Information given:
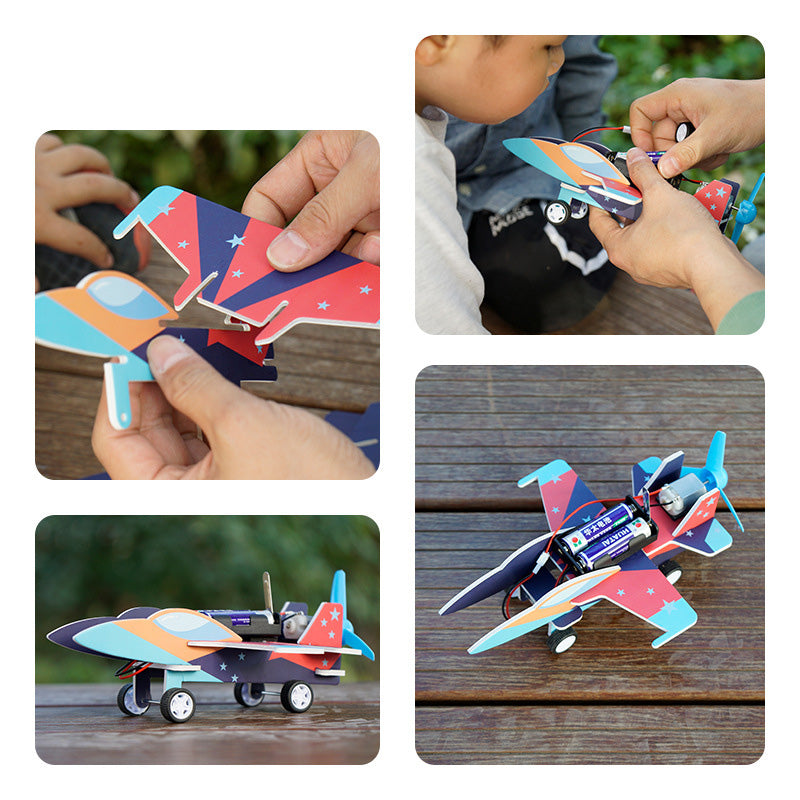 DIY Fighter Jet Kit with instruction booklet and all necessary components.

...

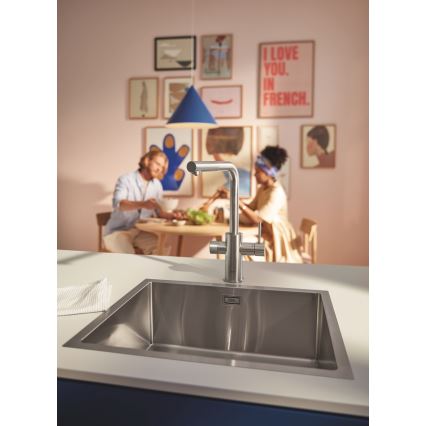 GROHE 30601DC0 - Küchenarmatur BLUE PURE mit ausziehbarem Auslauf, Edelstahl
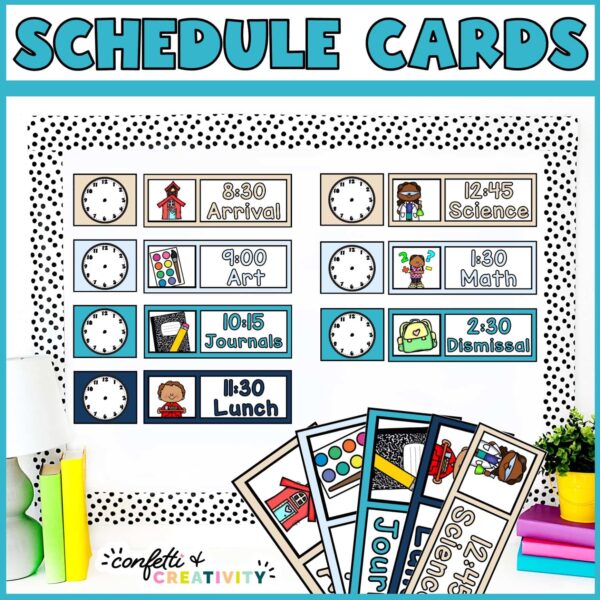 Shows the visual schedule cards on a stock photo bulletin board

Required work: Look above for the line with "GROHE 30601DC0 - Küchenarmatur" and copy exactly from it through the line with "Shows the visual", both included. Omit the pictures.

Output for this task:
 GROHE 30601DC0 - Küchenarmatur BLUE PURE mit ausziehbarem Auslauf, Edelstahl
 Shows the visual schedule cards on a stock photo bulletin board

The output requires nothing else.